Another trial has been funded by the GPCG concerning proof-of-concept
components
(http://www.gehr.org/gpcg/Components/pilot_software_components.htm) -
once again, yet another non-portable proprietary Microsoft component
architecture was chosen (ActiveX).
By choosing ActiveX and COM, reusability was severely limited,
reasonable portability made impossible, and long term value put at risk
through vendor lock in. There was absolutely no need for such
artificially restrictive choices: the same goals could have easily been
achieved by selecting an open and portable component model.
TB: Again, these choices were due to availability of donated resource,
mainly by the DSTC. You get what you pay for. Whether reusability was
required or achieved has not been investigated to my knowledge - how was
this conclusion drawn?
By choosing non-standard and/or non-portable programming languages like
Visual Basic or Delphi or a proprietary Eiffel dialect along with
proprietary tool chains
TB: my personal choices are always high-quality, portable languages. The
languages which were actually used depended heavily on what software the
project was required to interface to, and the availability of human
resources in an environment of very limited funding.
and libraries the GEHR team created artificial difficulties in
recruiting experienced developers with the necessary clinical
background, and they missed out completely
TB: There is no problem getting hold of a VB developer! Delphi - no real
problem either. However, a priori, I would not normally choose either of
these languages for anything. Eiffel is a different category of
language. It is a specification language which produces software as well
(note: it is still the only tool on the market which can validate models
written in UML/OCL). From professional experience, I know that any
worthwhile OO programmer can learn Eiffel in a matter of weeks. There is
a large community of Eiffel users internationally, and in Australia,
including academic centres of excellence at Monash, UTS and U Canberra.
The Eiffel dialect we used was not proprietary - it was (and still is)

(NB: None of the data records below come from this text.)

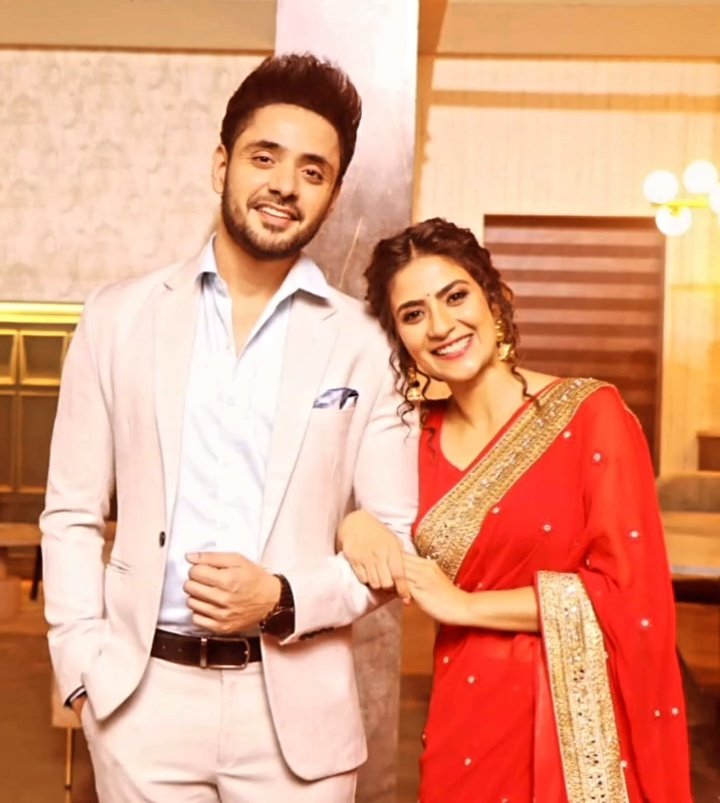 meeshi_09's tweet photo. It's #KaViaan reception, you all 😭🥹😂♥️

Be present everyone 😭
#KathaAnkahee https://t.co/RvHdQSF6qC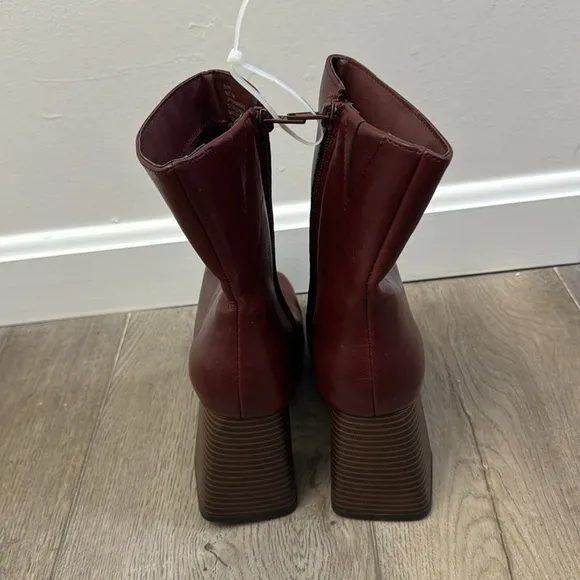 NEW! Coconuts By Matisse Footwear Duke Ankle Boot - Size 7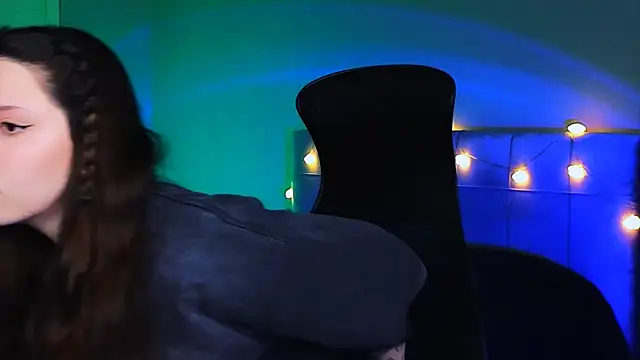 Snapshot of Stacy_Gonzales_ chatting on 15, 2, 2025 Stacy Gonzales  online show from 15, 2, 2025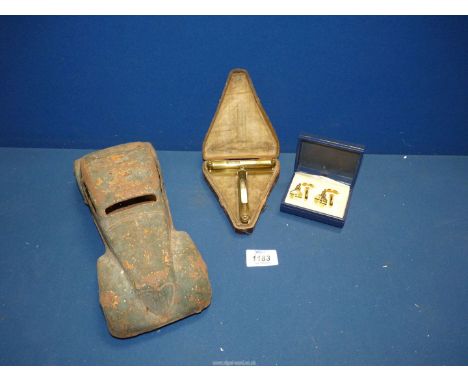 An old tin plate model car, a brass T-shaped level in case and two pairs of cufflinks.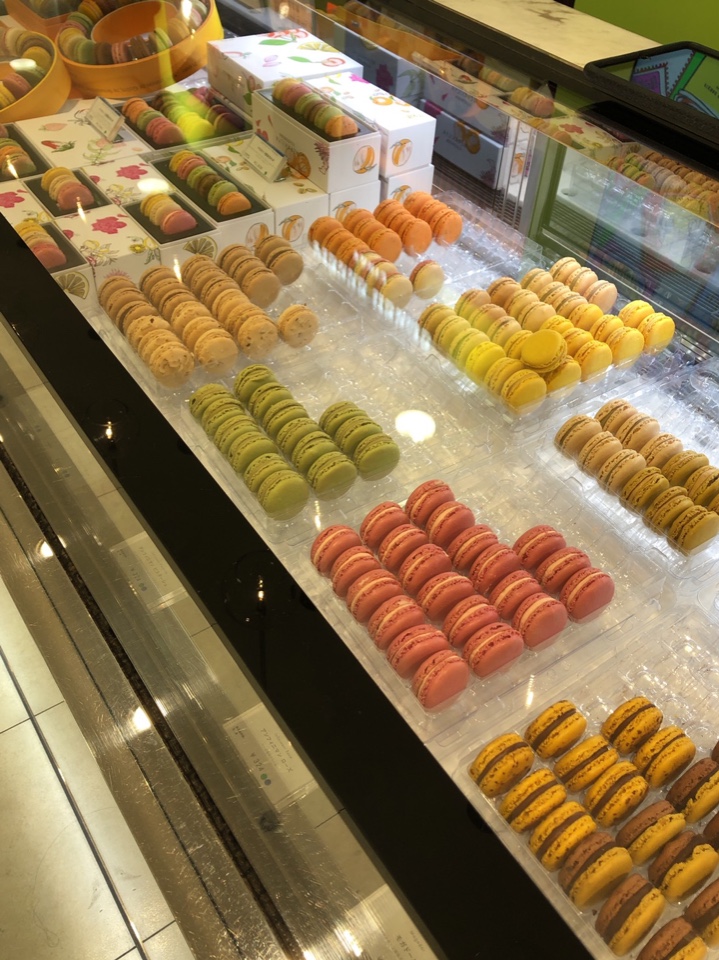 横浜のそごうの中にあるお菓子屋さんで ピエール エルメ パリ そごう横浜店 ツクツク グルメ 投稿型グルメデーターベース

standards compliant. The Eiffel language now has an ECMA standard. There
is a GNU compiler for the same language which admittedly trails the
major commercial vendor whose tools we used. I am not trying to push
Eiffel here - simply to show that we did not make choices (where we had
them) without thinking.
And - it should be made clear that many of the software costs of
development using quality commercial tools were footed by Deep Thought
Informatics, including Eiffel licence, Configuration Management system,
quality documentation tools. None of the open source tools in any of
these areas was judged to be of high enough quality or was otherwise
problematic (e.g. would have cost too much to run in terms of extra
personnel to make up for missing features), at the relevant point in
time. (The well-known CVS tool is a case in point. The DSTC has run it
hard, using the latest freely available version & tools, and recently
found data errors - the death knell for any version control system).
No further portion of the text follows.